Doha : une nouvelle chance
  1.  Doha. Les accords espérés sur l’agenda de Doha sont les bienvenus dans ce contexte mais ils ne suffiront pas. Déjà ils ont une faiblesse. En effet,  ces accords,  d’accès améliorés aux marchés mondiaux  ou encore de protection relative d’objectifs d’intérêt général dont la santé publique par exemple, ont une zone d’ombre : le changement dans la nature de la croissance  en faveur des investissements dit immatériels, c’est-à-dire composés  de dépenses en R-D, capital intellectuel ciblé, PC, logiciels, marketing et conseils en excellence diverse, et donc à l’avantage des pays développés comparés aux autres pays. Il faut le prendre en compte aujourd’hui.  Dans le futur, les pays en voie de développement devront donc agir sur deux fronts celui de la croissance classique et celui de la nouvelle croissance. Sur le premier, il s’agira toujours de passer de l’agriculture vers l’industrie manufacturière, de première transformation tout d’abord et de seconde ensuite. L’accès amélioré aux marchés est fondamental dans ce cadre. Tous les pays doivent limiter leurs protections avec des échéances clairement négociées car il y a des décisions de politique structurelle qui doivent être prises. Voici un exemple. L’ouverture des marchés auxquels correspondent des activités consommant de la main d’œuvre peu qualifiée dans un pays développé est facilitée quand ce dernier a une politique de redéploiement de ses ressources humaines car de redéploiement de sa croissance. Ceci requiert une bonne dose de prospective donnant naissance à des politiques stratégiques dont d ‘éducation et de formation de ces ressources. Cela est évident et pourtant c’est peu souvent le cas. Ce qui a lieu se sont des politiques qui accompagnent les redéploiements des investissements privés avec des accompagnements sociaux institutionnels du sous-emploi induit par les allocations nouvelles de ressources. Dans ce cadre, le risque est grand d’ouvrir peu voire  de ne pas ouvrir plus qu’avant Doha. Sur le second, il y a des difficultés. En effet, il faut se donner les investissements ad hoc. Ils doivent être financés en même temps que les investissements classiques. Mais la création de valeur par les deux types d’investissements n’est pas la même, elle est, en effet, favorable aux investissements immatériels à l’opposé des investissements classiques.  
  1. Dans le futur, il y a donc plus qu’une double charge d’investissement à financer par les pays en voie de développement. Elle doit être supportée dans un cadre où de nombre de ces  pays  doivent aussi par priorité réduire la pauvreté et améliorer la santé de leurs populations. Cela veut donc dire que les engagements financiers pour provoquer une rupture positive dans les tendances passées du développement doivent être multipliés par un facteur élevé. Il ne fait aucun doute que les pays en voie de développement n’y arriveront pas seuls. Une aide extérieure est nécessaire. Mais il faut éviter de s’affoler. En effet, dans le passé, les pays riches ont aussi utilisé l’aide au développement pour d’autres motifs qui n’ont pas été sans influence sur la corruption de plus d’un pays et, finalement, cette stratégie a eu des effets sur l’efficacité de l’argent octroyé.
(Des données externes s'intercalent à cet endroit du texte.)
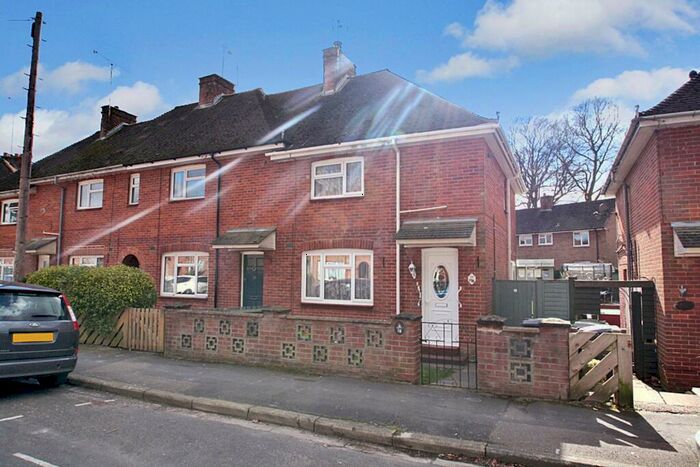 3 Bedroom Terraced House To Rent In Fivefields Road, Winchester, SO23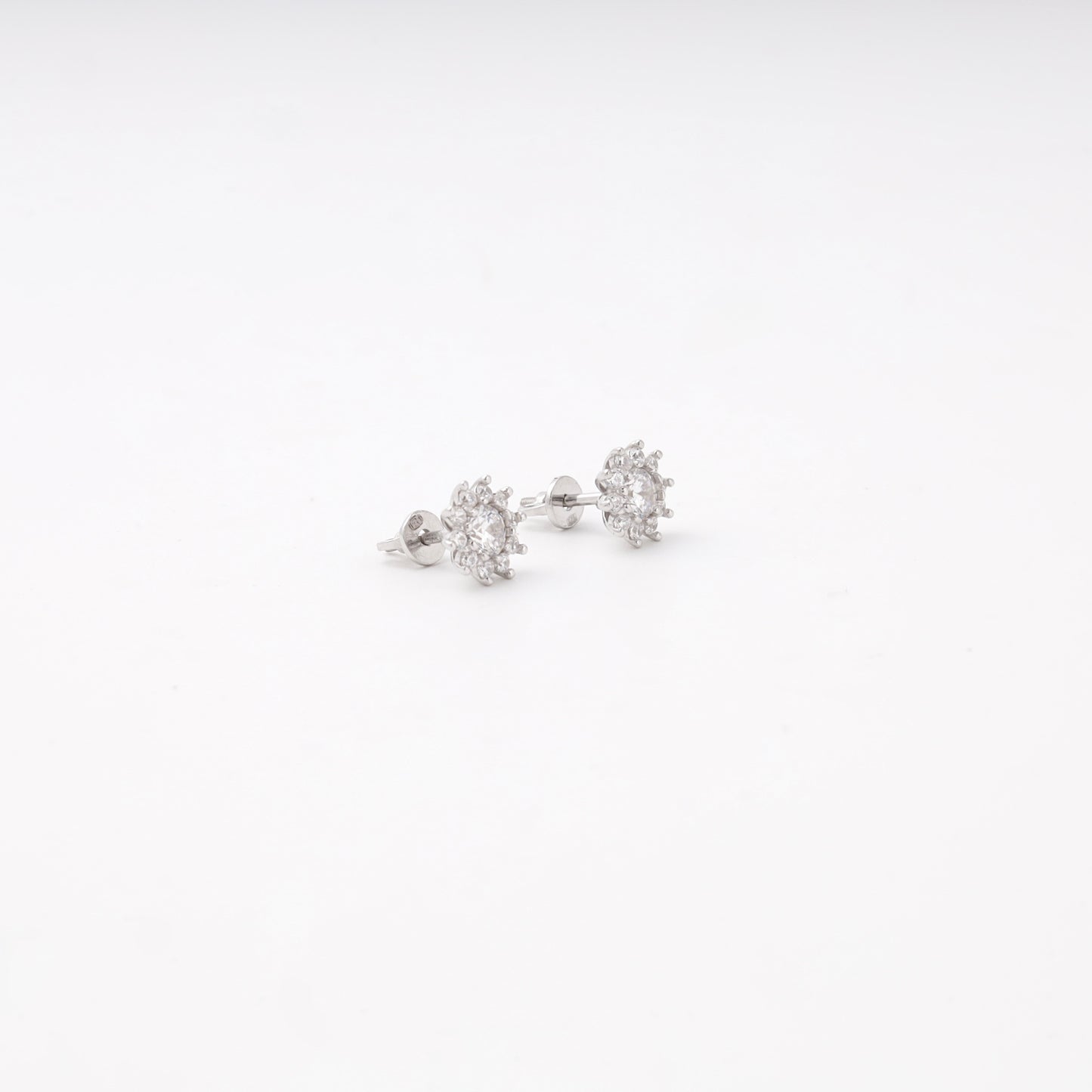 Silver 925 cubic zirconia stud earrings close-up — Kabluchka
Il faut en finir avec une telle pratique  qui n’impliquait pas qu’un seul agent responsable. Quoi qu’il en soit, il faut provoquer une rupture positive dans le développement de ces pays si l’on veut réduire l’insécurité alimentée par les inégalités de croissance et les manipulations volontaires des opinions publiques de ces pays s’appuyant sur une dévalorisation de leurs cultures. Il faut agir vite  mais en entraînant la confiance car plus le temps passe et plus augmentent les risques d’effets « papillon » négatifs liés aux décisions de certains. Dans ce cadre, certains pays ont beaucoup d’intérêts économiques à ce que l’insécurité règne car il s’agit d’un facteur de croissance de certaines dépenses et donc d’activités économiques !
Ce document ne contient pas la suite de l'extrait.